Gender pay gap results published in 2025 will be based on data collected over 12 months, typically from July 2024 to June 2025, though the exact dates will depend on each employer’s chosen snapshot date.
This means employers not already focusing on gender representation across their organisation may find themselves having to explain sizable gender pay gaps.
With Irish employers employing as little as 50 people in scope for reporting next year, we expect to see a lot more focus on this area from the media, employees and other stakeholders.
Smaller employers are subject to the same legislative requirements as their larger counterparts; there are no exemptions for employers with limited resources.
This means they will be required to produce a report reflecting accurate results aligned with 11 statistical gender pay gap metrics along with a narrative detailing the reasons for existing gaps and measures (both existing and planned) to reduce or eliminate these gaps.
New 2024 regulations – new results?
The Employment Equality Act 1998 (section 20A) (Gender Pay Gap Information) (Amendment) Regulations 2024 were introduced last May and it will be interesting to see what impact they have on this year’s gender pay gap reporting results.
Under the 2024 Regulations, social welfare payments relating to certain periods of protective leave can now be included in gender pay gap calculations. This is a welcome development as it may help reflect parity of payment in line with notional hours worked.
Prior to this, the regulations have only included ‘top-up’ payment made by employers as relevant pay for gender pay calculations, providing that social welfare payments should be excluded (notwithstanding that full hours have been included).
The impact of this approach has been to reflect a lower hourly rate of pay for employees in receipt of certain welfare payments.
For 2024 reporting and beyond, employers will need to include both maternity leave benefit along with a maternity ‘top-up’ payment (i.e. 100% pay) matched with 100 percent hours.
This should reflect a notional increase in pay for women, thus helping to ‘reduce’ an employer’s gender pay gap compared to last year’s reporting.
The 2024 Regulations also adjust the treatment of share options and interests in shares. These are now considered benefit-in-kind rather than forming part of bonus payments.
This could have a significant impact on the gender pay results of in-scope employers as benefit-in-kind is not included in either overall gender pay calculations or separate bonus calculations. Previously, share options and interests in shares were included in both.
The issue of actual shares (to be valued on the date of issue) continue to be part of the bonus calculation.
So far in 2024, we are seeing steady results in completed reports compared to reports in the two years prior.

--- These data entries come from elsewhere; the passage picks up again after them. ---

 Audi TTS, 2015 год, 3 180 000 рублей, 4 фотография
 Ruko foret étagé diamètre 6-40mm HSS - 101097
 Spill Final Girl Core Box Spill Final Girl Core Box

Typically, any significant variations in results can be explained by reference to changes in personnel at a senior level or due to business restructures. Both will continue to impact annual reporting.
Comparison is key
An important aspect of reporting for many employers is how favourably, or otherwise, they compare with their peers operating in the same sector or industry.
For example, if an employer operates in a sector that is traditionally male dominated (e.g. engineering), this will clearly influence their gender pay gap results.

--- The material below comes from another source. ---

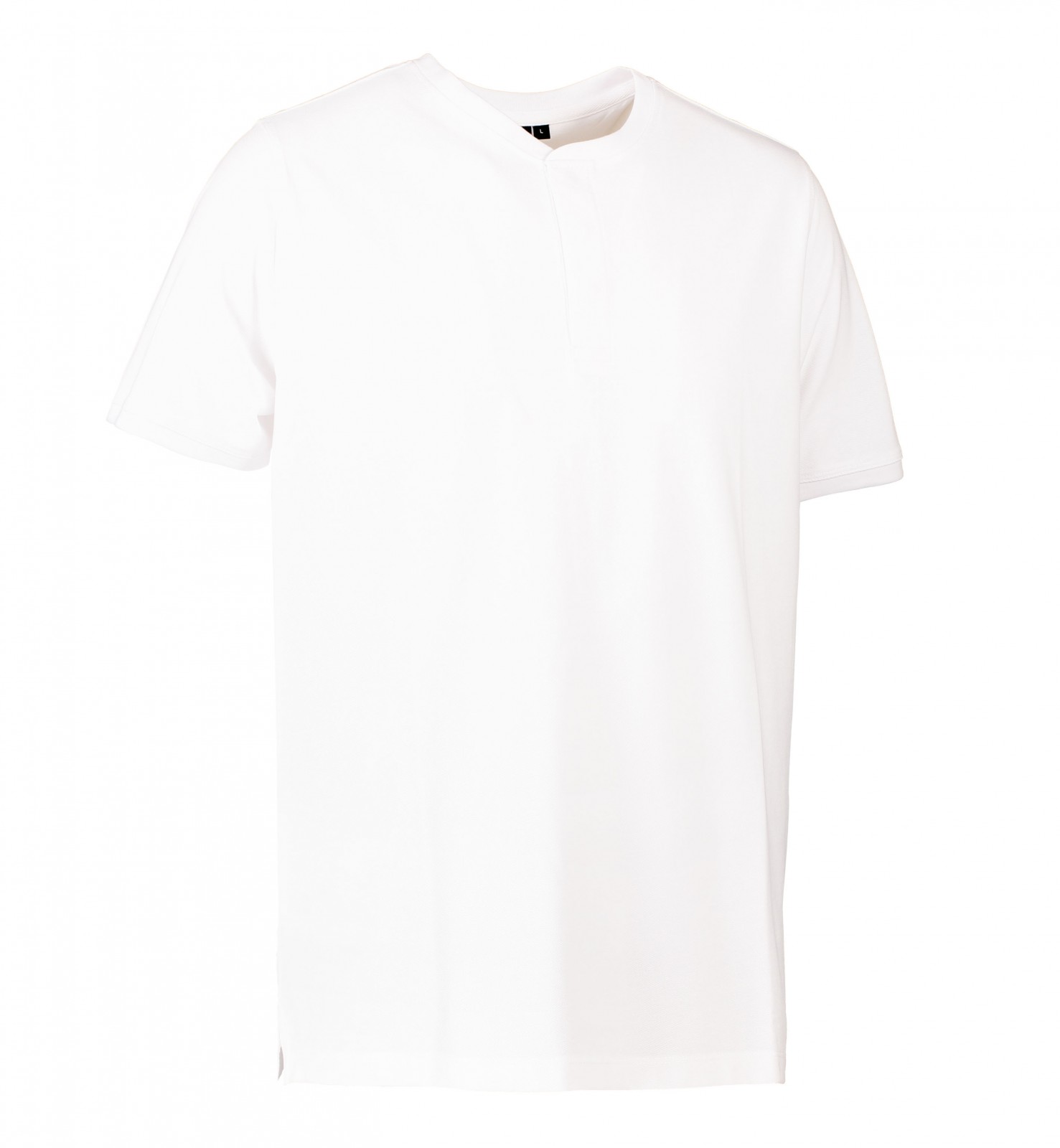 ID IDENTITY 0374 Poloshirts weiss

In certain sectors, such as professional services, where employers are recruiting in the same talent pool as their competitors, how their organisation compares to their peers really matters.
Ideally, employers will want to see results that are either “similar to” or “more favourable than” their competitors.
If their results are not, boards and management should query why they are out of line with competitors with a similar resourcing structure recruiting from the same talent pool.
In particular, it is worth examining whether there are discriminatory practices behind any results revealing a wide gender pay gap as this could be affecting female representation at the higher levels of the organisation – or perhaps the organisation’s pay and bonus structure is weighted in favour of men?
Ultimately, gender pay gap results serve to root out any embedded issues that may be impeding more equitable pay across the board.
New developments in 2025
The biggest change in 2025 will be the extension of the gender pay gap reporting obligation to employers with just 50 employees. In addition to this development, we expect to see some changes to how the gender pay gap reporting process is carried out.
As it stands, employers must include their gender pay gap data and statement of information on their website – or have it available for public inspection.
We understand the Government has issued a tender for the development of an online gender pay gap portal, with development due to start in the coming weeks and testing earmarked for the new year.
It is expected that the portal will have similar functionality to an online gender pay gap portal already in operation in the UK.
If this is the case, the portal will allow employers and other interested parties to compare and contrast results with ease, rather than having to rely on the current, more laborious, manual process.
This new system of reporting is also expected to result in the reporting deadline being brought forward to the end of November 2025.
Employers – both those already reporting and new to the regime – will therefore have a five-month window in which to report, slightly shorter than the current six-month timeframe.
All employers in scope for reporting next year must thus be vigilant and ensure they are up to date at all times with the portal requirements and potential new deadline.
The EU Pay Transparency Directive
Looking further ahead, as the EU Pay Transparency Directive (the Directive) is due to be transposed by June 2026, we expect to see many more changes to the reporting regime in the coming years.
The implementation of the new rules under the Directive will not only change the amount of data required but will also align gender pay gap reporting more closely with the employee engagement agenda.
Further, gender pay gap reporting under this Directive will not simply be about producing an annual report of results and narrative; it could also open up data results to scrutiny from trade unions and other employee representatives.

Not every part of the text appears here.